§ Required action
The full listing below should be printed word for word.

Records START

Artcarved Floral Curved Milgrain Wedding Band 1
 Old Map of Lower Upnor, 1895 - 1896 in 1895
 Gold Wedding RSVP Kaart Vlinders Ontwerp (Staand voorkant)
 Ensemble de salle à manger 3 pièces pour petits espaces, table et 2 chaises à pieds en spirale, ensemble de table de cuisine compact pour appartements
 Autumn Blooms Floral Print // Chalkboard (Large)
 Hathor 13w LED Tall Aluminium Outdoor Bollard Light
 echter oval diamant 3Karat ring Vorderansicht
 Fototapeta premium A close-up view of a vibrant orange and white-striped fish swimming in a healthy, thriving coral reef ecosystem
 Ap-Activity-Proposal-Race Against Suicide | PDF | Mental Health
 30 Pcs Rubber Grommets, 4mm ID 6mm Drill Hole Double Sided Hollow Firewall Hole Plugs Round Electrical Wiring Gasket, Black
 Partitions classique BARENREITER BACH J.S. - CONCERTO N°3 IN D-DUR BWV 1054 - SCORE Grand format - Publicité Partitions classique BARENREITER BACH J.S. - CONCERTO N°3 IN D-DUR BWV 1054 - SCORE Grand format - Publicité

Records END

§ Task response
Artcarved Floral Curved Milgrain Wedding Band 1
 Old Map of Lower Upnor, 1895 - 1896 in 1895
 Gold Wedding RSVP Kaart Vlinders Ontwerp (Staand voorkant)
 Ensemble de salle à manger 3 pièces pour petits espaces, table et 2 chaises à pieds en spirale, ensemble de table de cuisine compact pour appartements
 Autumn Blooms Floral Print // Chalkboard (Large)
 Hathor 13w LED Tall Aluminium Outdoor Bollard Light
 echter oval diamant 3Karat ring Vorderansicht
 Fototapeta premium A close-up view of a vibrant orange and white-striped fish swimming in a healthy, thriving coral reef ecosystem
 Ap-Activity-Proposal-Race Against Suicide | PDF | Mental Health
 30 Pcs Rubber Grommets, 4mm ID 6mm Drill Hole Double Sided Hollow Firewall Hole Plugs Round Electrical Wiring Gasket, Black
 Partitions classique BARENREITER BACH J.S. - CONCERTO N°3 IN D-DUR BWV 1054 - SCORE Grand format - Publicité Partitions classique BARENREITER BACH J.S. - CONCERTO N°3 IN D-DUR BWV 1054 - SCORE Grand format - Publicité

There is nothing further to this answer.